I consider myself a deeply religious person, and have never felt the need to look for 'proof' of God's existence. Rather I rely on the faith I have developed over the years through the personal experiences of which have been numerous and varied. Do I feel like the world needs proof? Perhaps, for many this scholarly approach to figure out whether there is substance to the claim that God exists and whether scriptural texts like the Bible are true, is a necessary step.
Timothy Smith starts off by explaining his history, and why he is pursuing this path. He strikes me as one who feels a deep connection to nature, and with that he gets answers he seeks in that environment. This is not alien thinking to me. There is great power connecting with the natural world, and the peace and healing you experience out in the mountains, rivers, forests can have a overwhelming impact on your life. There's probably too much explanation here though, and I can understand how this can make the reading tedious and has the feeling of it being dragged out. At first my eyebrows raised with some of the experiences he shares. However, I am reminded that as a member of the Church of Jesus Christ of Latter-Day Saints I am already familiar with the concept of Heavenly visitations. It's not a stretch for me to believe in the validity of his claim. I did however wonder where the connection was, although his experience of meeting Moses strikes as to familiar. I wonder what his personal religious background was, and regarding some of the retelling I wondered if he had actually experienced this himself or is he using other people's experiences to retell an interesting story. I usually rely in cases like this on the promptings I feel as I read. Is the Holy Spirit giving me a feeling of confirmation to the truth of the account. This is to how I rely on the revelation of truth. Timothy doesn't actually make an initial connection to this experience. I'm not confused, or an unbeliever, more skeptical to where the significance of this event was. For me, God doesn't send messengers to his people on earth without a purpose. What would His purpose be in this vision?

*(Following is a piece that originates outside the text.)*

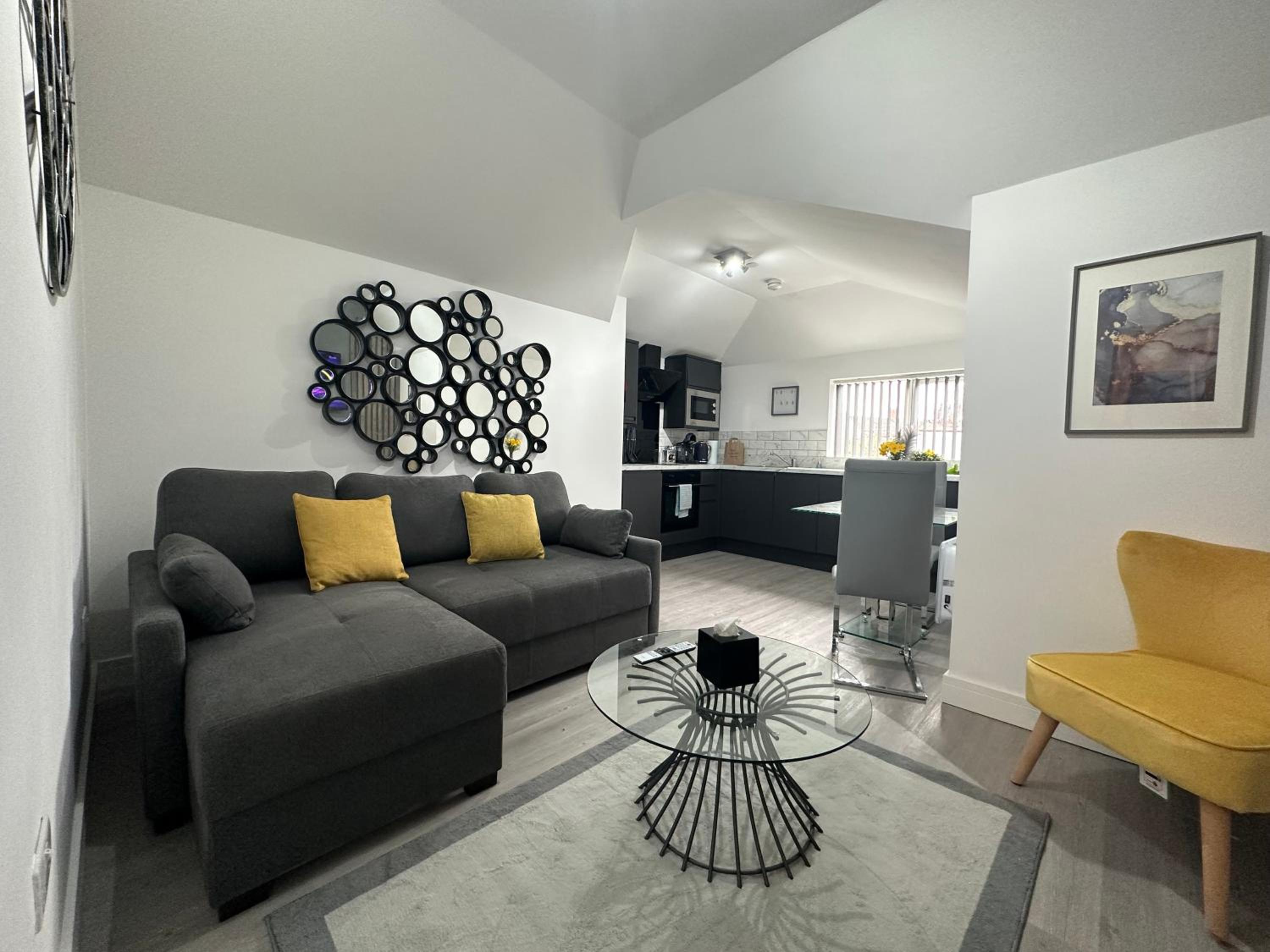 One-Bedroom Apartment photo 1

I'm not sure that there is any new evidence raised within these pages that hasn't been brought to light by other scholars. His connections with passages he feels have a revealing nature, could be purely coincidental. Or they could have validity. I am wondering why as the book progresses the author is still asking the question - 'what is this all about?' 'why me?' 'What does this mean?' etc. He jumps from thought to thought and its just not straightforward or easy to understand. I've read countless non fiction doctrinal and inspirational books on the nature of God or other religious subjects. This one was just strange in format and retelling. He does refer often to acclaimed legitimate sources - I wonder if that is to bring some credibility to his own findings?
Would I recommend this to anyone? Probably not. It didn't do anything for me other than confusing what the true nature of his journey is. I am a solid believer in that this could have been something he could choose to devote his life to. Often the experiences we are graced with from on High are highly personal and sacred and are not really meant to be shared with another. I am usually skeptical of those who use those experiences for monetary gain. How did he even fund all of these travels around the world, months on end in the wilderness or living in expensive real estate areas without working?